Electronic Voting Machine Shown To Mis-Record Votes
from the scary dept
One of the silly arguments of those defening poorly designed electronic voting machines is that there’s never been any evidence that they miscount votes. Well, there goes that argument. Found over at Freedom to Tinker is news of some research done on electronic voting machines used in Florida elections that clearly show the machine’s voting image and the audit logs do not match, which could lead to votes being lost or not counted properly. What’s scary about this is that the report noting these problems was written a year ago and, even those these problems were known, the machines were still used and the same problems occurred again. As always, the local election supervisor claims that, even though they know about this problem, it’s no big deal. She claims that the only problem is with the audit system – and not the vote tabulation. Of course, if the audit system doesn’t match the vote tabulation there’s no way to know that the vote tabulation actually works properly. Even worse, the “workaround” the supervisor came up with was basically to use uncertified software. What’s wrong with a paper trail again?
Comments on “Electronic Voting Machine Shown To Mis-Record Votes”
Florida, AGAIN?
Hanging and pregnant chads, now electronicallly…
I may be dense...
…but I just don’t get all this hoopla surrounding electronic voting mechanisms. I’ve been in the Point of Sale business for over 20 years, and have designed and installed thousands of systems in countries that require the use of a “fiscal” printer. A fiscal printer is basically a government-mandated (and controlled) device that essentially records every single keystroke made on the POS to ensure that the totals being rung into and by the POS match the paper audit trail.
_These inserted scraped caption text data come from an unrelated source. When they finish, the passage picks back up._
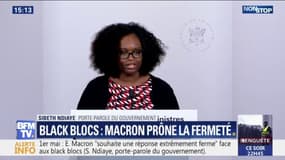 1er mai: Emmanuel Macron "souhaite une réponse extrêmement ferme" face aux black blocs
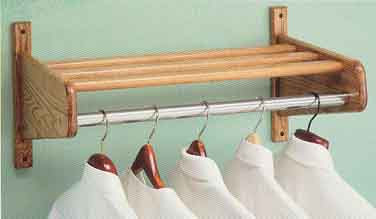 wall-mounted garment rack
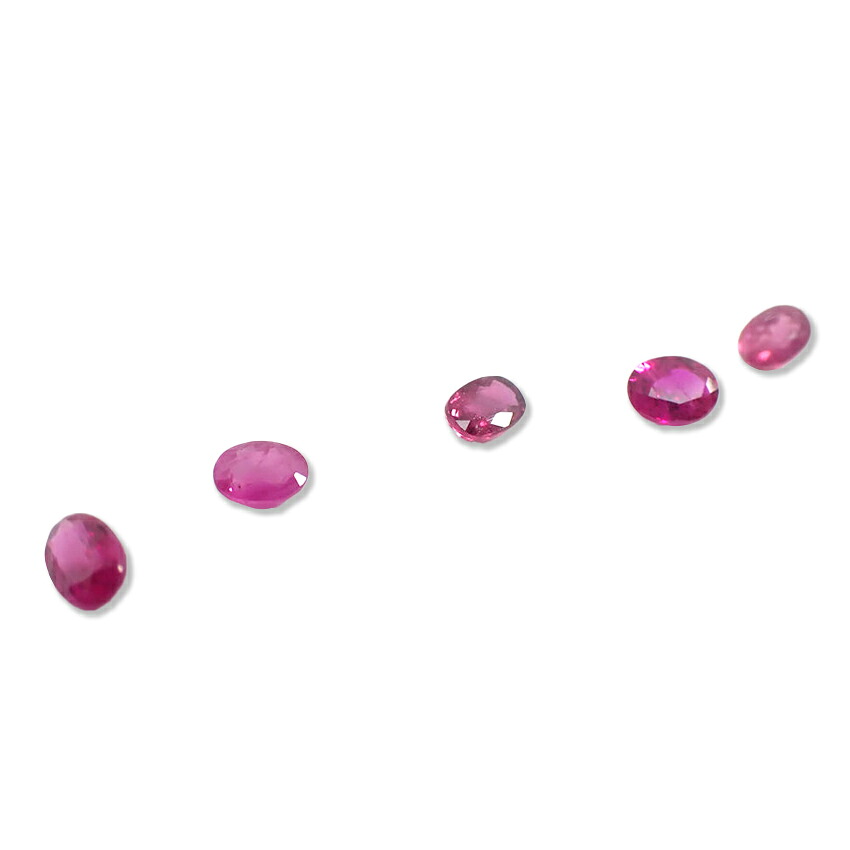 天然ルビー/ルース/5PC/1.435ct/鑑定済//j108-25|ジュエラー チック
These devices serve as a taxing-audit mechanism mostly. While software bugs to appear, each and every fiscal printer/POS device has to pass rigourous in-country testing to ensure a no-error condition prior to deployment. Thereafter, the machines are audited quarterly to prove that no errors existed.
Why are voting machines so bloody different? I deploy this kind of tech into thousands of burger joints worldwide for about $2000 per machine….isn’t this good enough?